Segment Start: DATA EXCERPTS

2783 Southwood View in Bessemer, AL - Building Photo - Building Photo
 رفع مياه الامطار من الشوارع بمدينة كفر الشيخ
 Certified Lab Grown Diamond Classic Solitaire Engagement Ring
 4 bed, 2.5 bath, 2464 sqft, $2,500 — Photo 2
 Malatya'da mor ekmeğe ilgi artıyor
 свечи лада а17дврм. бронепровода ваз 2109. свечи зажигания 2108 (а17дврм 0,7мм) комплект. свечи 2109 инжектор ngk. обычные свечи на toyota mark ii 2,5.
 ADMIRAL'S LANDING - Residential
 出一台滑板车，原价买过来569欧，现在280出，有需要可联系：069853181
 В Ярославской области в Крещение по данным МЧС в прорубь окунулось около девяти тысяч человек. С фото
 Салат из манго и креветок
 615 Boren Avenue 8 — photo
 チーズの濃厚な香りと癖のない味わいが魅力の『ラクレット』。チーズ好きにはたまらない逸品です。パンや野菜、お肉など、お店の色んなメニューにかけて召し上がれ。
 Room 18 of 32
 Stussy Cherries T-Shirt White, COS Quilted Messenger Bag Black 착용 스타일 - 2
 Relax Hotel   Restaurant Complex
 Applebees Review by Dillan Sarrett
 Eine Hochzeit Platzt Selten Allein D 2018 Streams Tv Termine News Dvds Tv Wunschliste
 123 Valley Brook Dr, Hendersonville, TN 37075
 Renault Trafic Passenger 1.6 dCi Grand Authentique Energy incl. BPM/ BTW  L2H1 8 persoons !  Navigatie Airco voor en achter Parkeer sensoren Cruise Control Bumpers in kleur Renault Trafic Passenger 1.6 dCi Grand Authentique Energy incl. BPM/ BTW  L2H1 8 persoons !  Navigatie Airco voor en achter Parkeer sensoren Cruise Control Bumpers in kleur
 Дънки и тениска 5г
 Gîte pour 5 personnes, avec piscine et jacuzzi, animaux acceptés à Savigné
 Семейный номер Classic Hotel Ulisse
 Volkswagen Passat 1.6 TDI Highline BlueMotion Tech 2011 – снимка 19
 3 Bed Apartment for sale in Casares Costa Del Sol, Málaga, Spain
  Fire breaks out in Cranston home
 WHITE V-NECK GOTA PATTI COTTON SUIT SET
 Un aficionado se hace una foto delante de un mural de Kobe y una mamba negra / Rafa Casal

Segment End: DATA EXCERPTS

## EXERCISE DESCRIPTION
Return the lines from the line containing "615 Boren Avenue 8 — photo" to the end of the entries above, exactly as they appear and with no other output.

## YOUR RESPONSE
 615 Boren Avenue 8 — photo
 チーズの濃厚な香りと癖のない味わいが魅力の『ラクレット』。チーズ好きにはたまらない逸品です。パンや野菜、お肉など、お店の色んなメニューにかけて召し上がれ。
 Room 18 of 32
 Stussy Cherries T-Shirt White, COS Quilted Messenger Bag Black 착용 스타일 - 2
 Relax Hotel   Restaurant Complex
 Applebees Review by Dillan Sarrett
 Eine Hochzeit Platzt Selten Allein D 2018 Streams Tv Termine News Dvds Tv Wunschliste
 123 Valley Brook Dr, Hendersonville, TN 37075
 Renault Trafic Passenger 1.6 dCi Grand Authentique Energy incl. BPM/ BTW  L2H1 8 persoons !  Navigatie Airco voor en achter Parkeer sensoren Cruise Control Bumpers in kleur Renault Trafic Passenger 1.6 dCi Grand Authentique Energy incl. BPM/ BTW  L2H1 8 persoons !  Navigatie Airco voor en achter Parkeer sensoren Cruise Control Bumpers in kleur
 Дънки и тениска 5г
 Gîte pour 5 personnes, avec piscine et jacuzzi, animaux acceptés à Savigné
 Семейный номер Classic Hotel Ulisse
 Volkswagen Passat 1.6 TDI Highline BlueMotion Tech 2011 – снимка 19
 3 Bed Apartment for sale in Casares Costa Del Sol, Málaga, Spain
  Fire breaks out in Cranston home
 WHITE V-NECK GOTA PATTI COTTON SUIT SET
 Un aficionado se hace una foto delante de un mural de Kobe y una mamba negra / Rafa Casal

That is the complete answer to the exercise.